<<<<

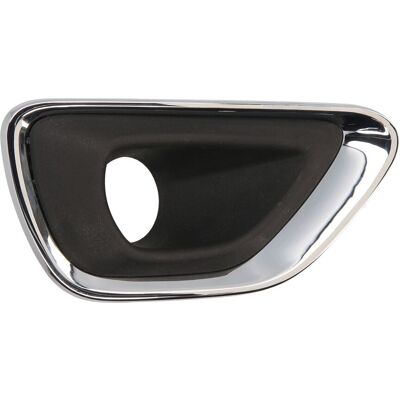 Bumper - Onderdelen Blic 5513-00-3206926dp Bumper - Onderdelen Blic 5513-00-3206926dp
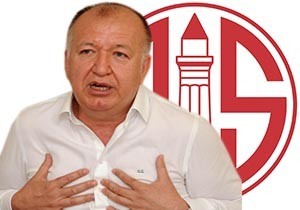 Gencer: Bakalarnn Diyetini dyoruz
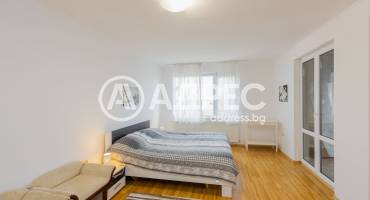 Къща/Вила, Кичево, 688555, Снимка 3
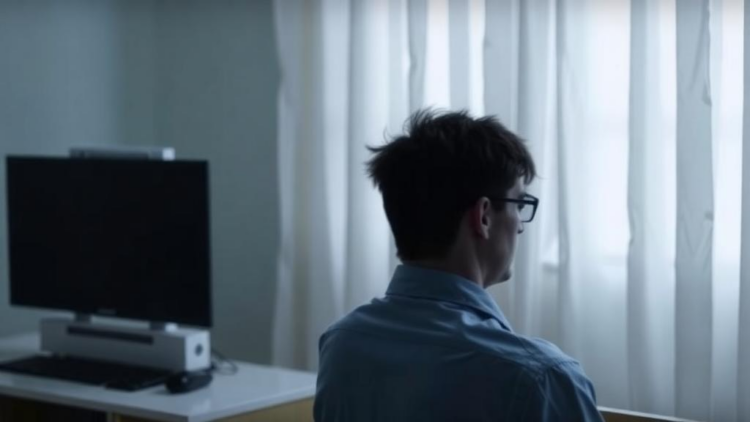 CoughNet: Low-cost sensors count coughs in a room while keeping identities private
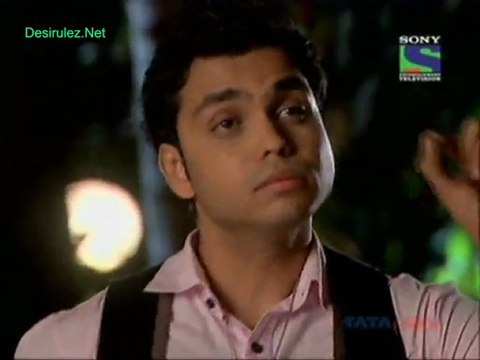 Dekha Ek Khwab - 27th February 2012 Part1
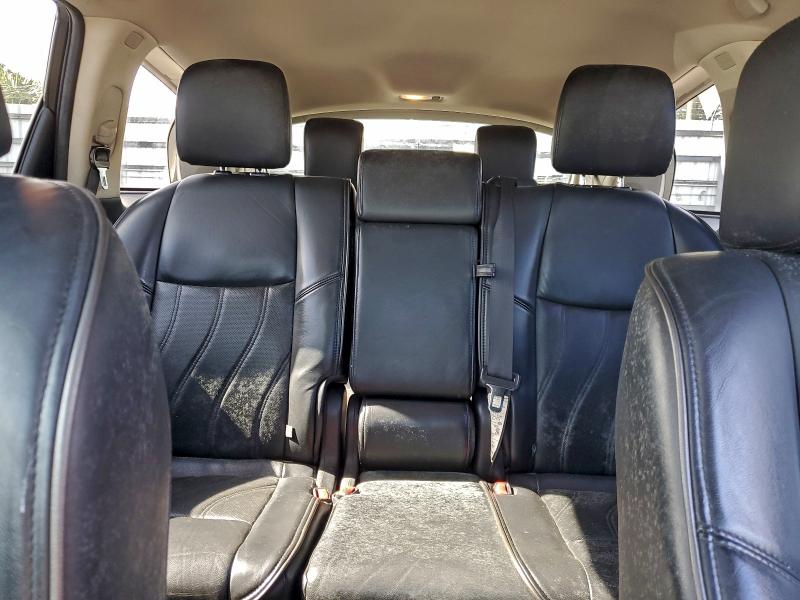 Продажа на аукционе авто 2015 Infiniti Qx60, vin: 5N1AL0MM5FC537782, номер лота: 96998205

>>>>
<<<<

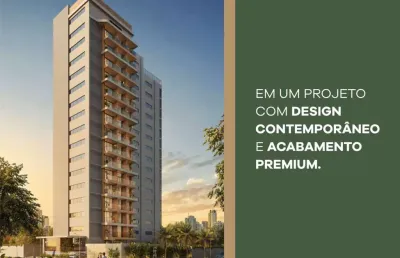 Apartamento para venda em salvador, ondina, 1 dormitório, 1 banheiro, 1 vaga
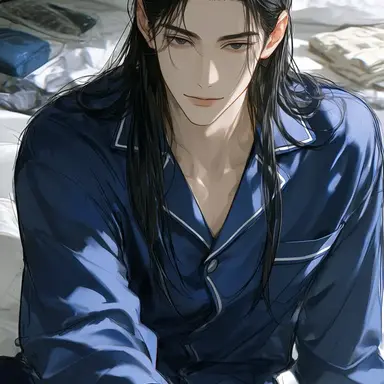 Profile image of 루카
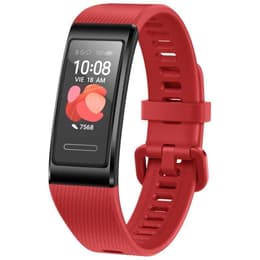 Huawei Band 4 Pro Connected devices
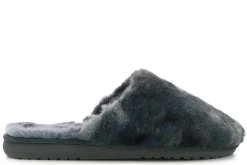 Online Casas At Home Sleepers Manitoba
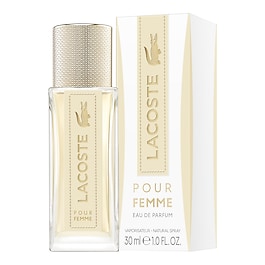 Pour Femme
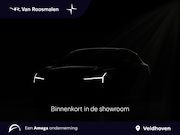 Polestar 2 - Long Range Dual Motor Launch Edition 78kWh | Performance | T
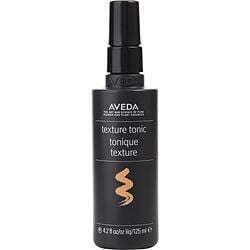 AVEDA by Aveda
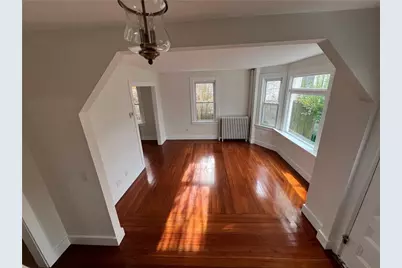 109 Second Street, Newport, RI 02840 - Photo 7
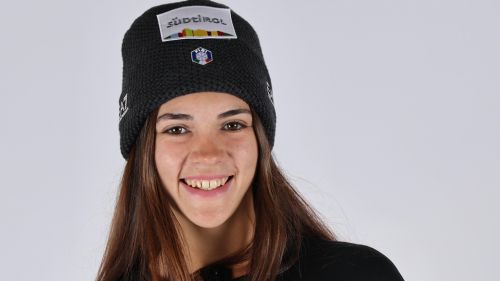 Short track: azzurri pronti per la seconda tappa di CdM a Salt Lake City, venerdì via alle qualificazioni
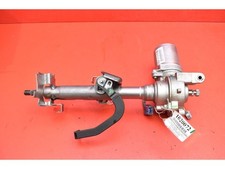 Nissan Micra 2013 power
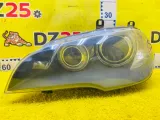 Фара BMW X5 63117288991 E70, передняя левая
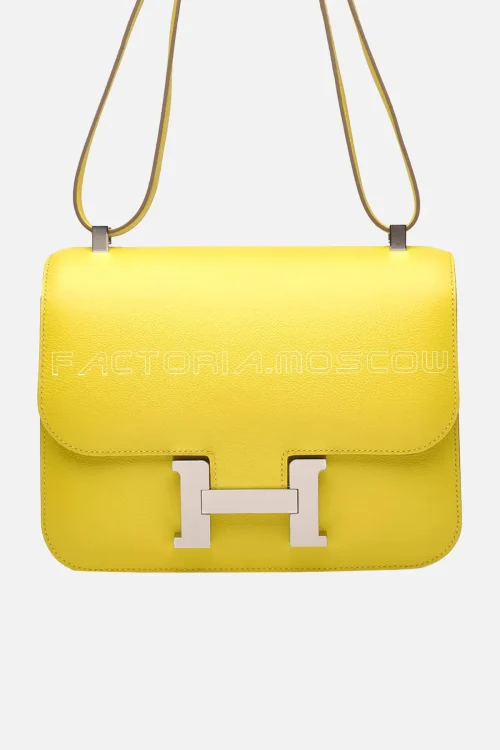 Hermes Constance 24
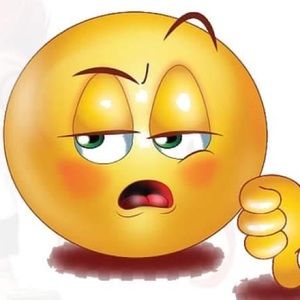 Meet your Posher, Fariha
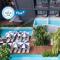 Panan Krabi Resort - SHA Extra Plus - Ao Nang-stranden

>>>>
<<<<

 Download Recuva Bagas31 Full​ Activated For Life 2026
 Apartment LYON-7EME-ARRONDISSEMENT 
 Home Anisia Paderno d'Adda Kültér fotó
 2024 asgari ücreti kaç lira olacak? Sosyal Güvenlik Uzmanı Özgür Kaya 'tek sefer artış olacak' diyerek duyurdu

>>>>

▸ **WHAT IS BEING ASKED**
From the material above, reproduce only what runs from the line holding "Bumper - Onderdelen Blic 5513-00-3206926dp Bumper" down to the line holding "Продажа на аукционе", both included, pictures excluded.

▸ **THE COMPLETED TASK**
 Bumper - Onderdelen Blic 5513-00-3206926dp Bumper - Onderdelen Blic 5513-00-3206926dp
 Gencer: Bakalarnn Diyetini dyoruz
 Къща/Вила, Кичево, 688555, Снимка 3
 CoughNet: Low-cost sensors count coughs in a room while keeping identities private
 Dekha Ek Khwab - 27th February 2012 Part1
 Продажа на аукционе авто 2015 Infiniti Qx60, vin: 5N1AL0MM5FC537782, номер лота: 96998205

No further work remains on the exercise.